Cukrzyca typu 1 (DT1) to choroba autoimmunologiczna prowadząca do zniszczenia komórek β trzustki. Dane z badań na myszach wskazują, że interakcje między mikrobiotą jelit a systemem wrodzonej odporności mają udział w rozwoju tej choroby, a jej postępy można spowolnić przeszczepem mikrobioty kałowej (FMT).

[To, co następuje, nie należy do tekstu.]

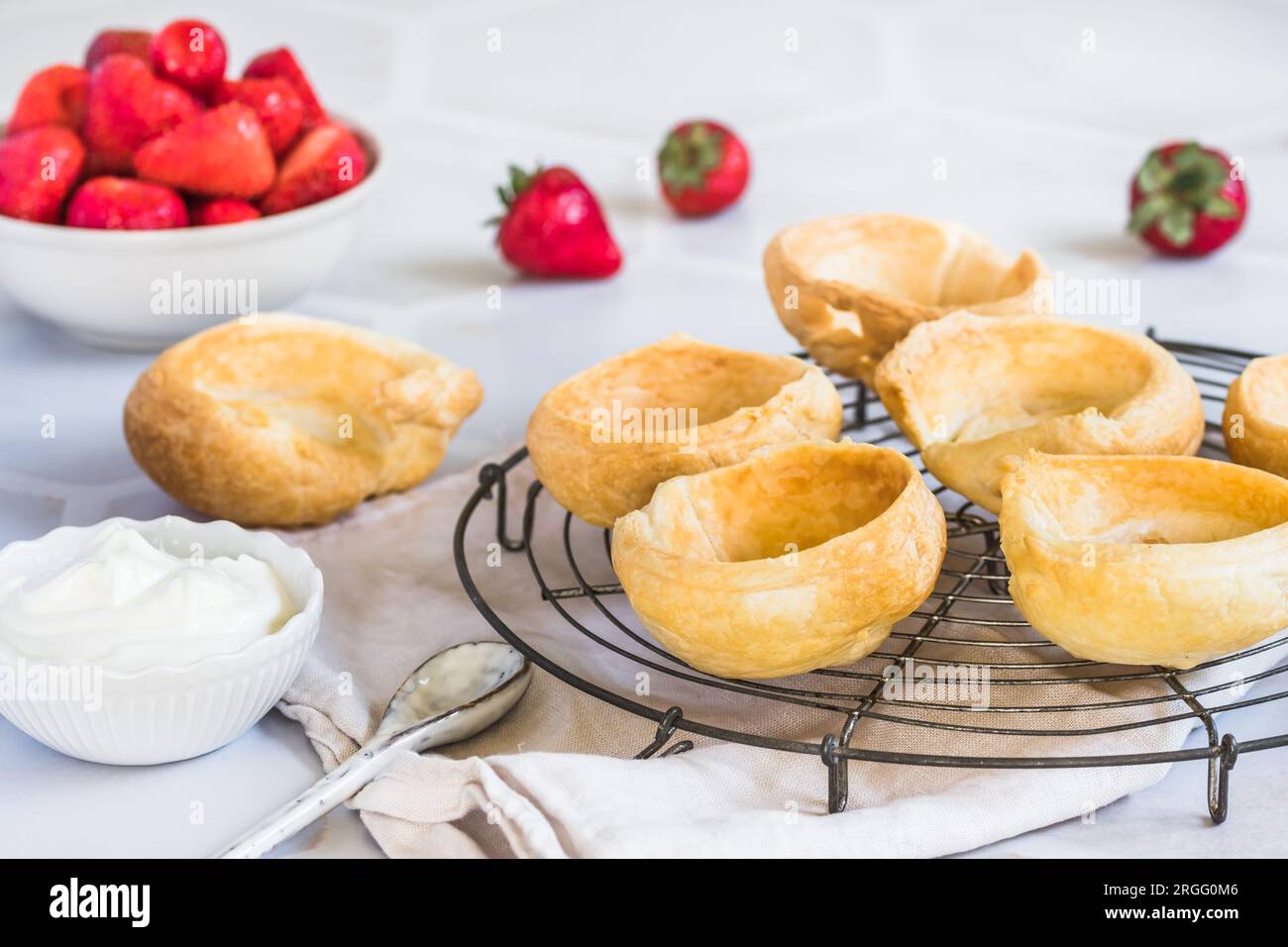 Panini di croissant fatti in casa da riempire con panna e fragole Foto Stock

Transplantacja autologiczna a allogeniczna
W randmizowanym badaniu kontrolowanym pacjenci, u których niedawno zdiagnozowano DT1 otrzymali 3 FMT przez sondę nosowo-dwunastnicową w czasie t = 0, 2 lub 4 miesiące. Przeszczep pochodził z ich własnego stolca (FMT autologiczny, n = 10) lub od zdrowych dawców (FMT allogeniczny, n = 10). W ciągu roku po pierwszym FMT naukowcy oceniali resztkowe działanie komórek β (poprzez wydzielanie peptydu C w reakcji na posiłek testowy), a także zmiany metabolizmu, odporności i mikrobioty wynikające z obu FMT.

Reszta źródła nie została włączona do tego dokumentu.